We now had to have specialised teams whose job it was to ingest data into the lake, more people to wire-up the data or “transform” it into data assets, and we also had the “concentration” risk, e.g., the data now sits in one place and can be seen by anyone (if you have access).
This presents many issues. Firstly, a bottleneck when you try to use the data; you need specialists to crunch the data for your specific need or “use case”, which means getting in the queue. You have security concerns given the large amounts of data available and therefore hoops to jump through to ensure you can even see the data (and only the correct data); and importantly, as the data has been crunched just for your use case, re-crunching it for someone else’s use case, means the consistency of the data may not be correct. This means outputs could potentially be different. This is bad.
Finally, the cost to maintain these environments is relative to the size of the data and the organisation you need to store, process, and provide the data. So, we try to find a better way, and this leads us to the Data Mesh.
A Data Mesh?
Imagine if you could access data wherever it is produced, rather than a copy, which may be stale. Further, imagine that the data is well described or annotated so you know what you’re looking at. It is also reasonable to assume that you might also have teams of people building specific data assets (which is nothing more than doing the initial steps of joining separate distinct datasets together) such as all your customer records into a “Customer” Asset or all your account information into an “Accounts” asset. Now, you layer on top of this, some form of descriptive dictionary which explains what the data is, and you provide a search engine or data catalogue to search for the data across the mesh, similarly to how we use index cards in a library to find a book. Now you have something genuinely useful, scalable because as we add new data sources to the mesh, they become available for use and as we change our data requests or “use cases” we can simply search for whatever data we want or need.
The concept isn’t new. In fact, you use a type of data mesh every day. The internet is a data mesh!

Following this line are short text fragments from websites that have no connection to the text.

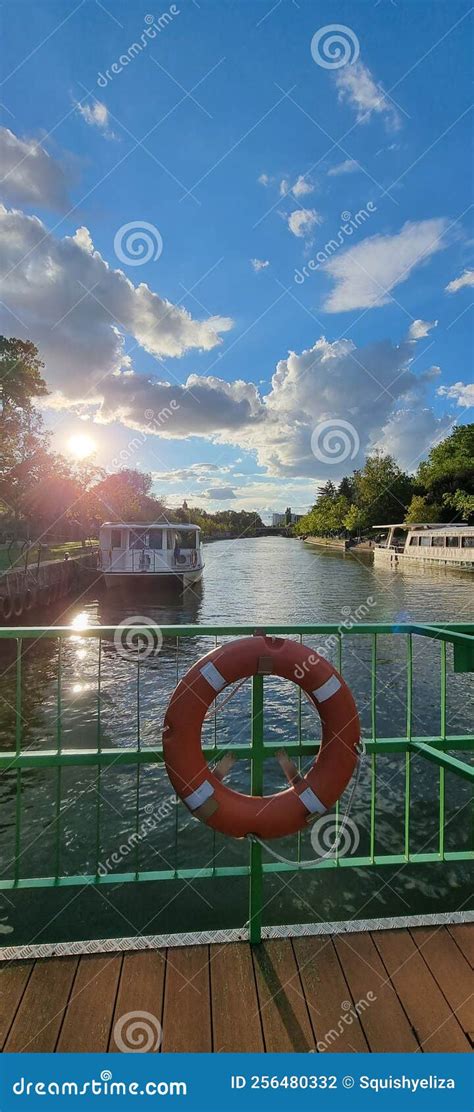 Bega River Canal from Timisoara European Capital of Culture 2023 Boat ...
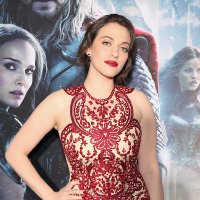 Kat Dennings at event of Thor: The Dark World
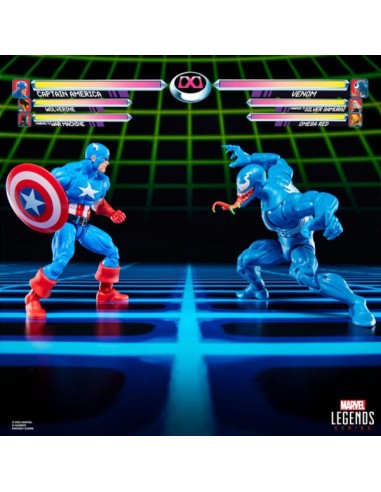 PREVENTA CAPTAIN AMERICA VS VENOM PREVENTA PACK...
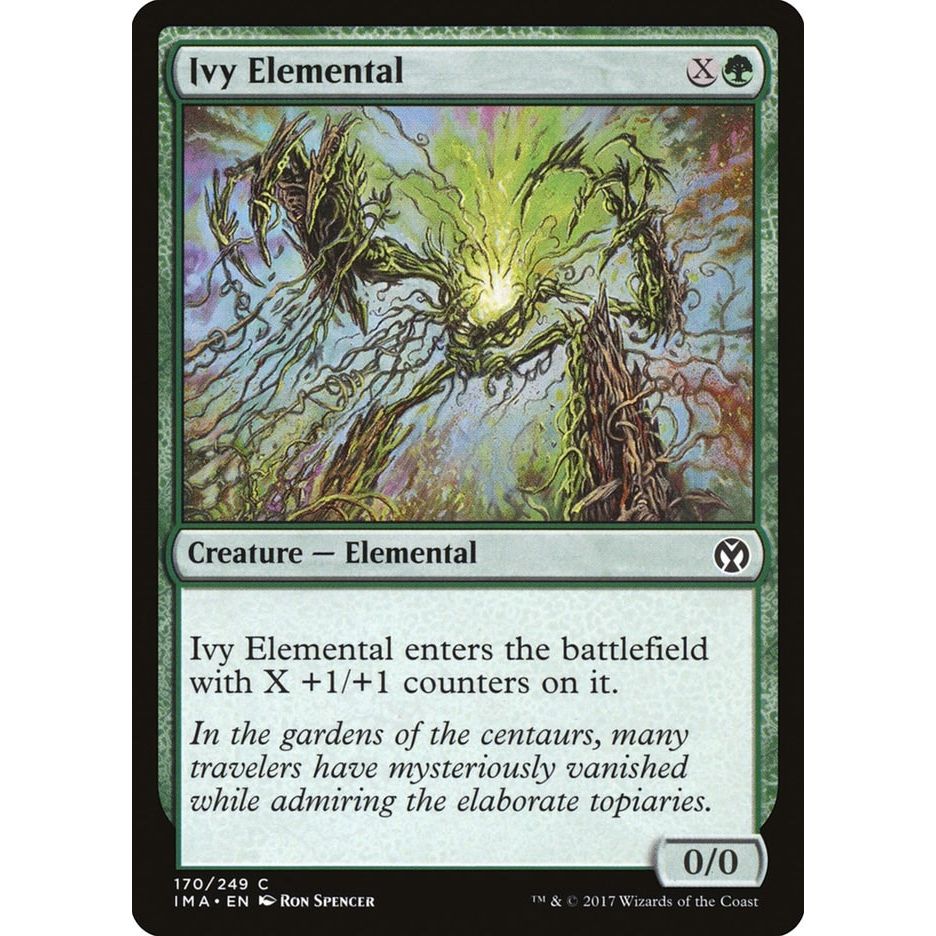 Image for Ivy Elemental (170) (IMA) - Magic: The Gathering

If you think about it, you access data from each web server (by typing in a known address (such as www.bbc.co.uk) this data is curated to be relevant and useful and these datasets are well described and searchable using search engines. As the web has expanded, your ability to search and use it hasn’t changed, simply the amount of data has expanded.
So, there you have it. A whistlestop tour of recent data engineering history. The next step is to understand how you can, and if you should, build your own Data Mesh. What do you need and how should it be put together?
Another thorny one, for another day!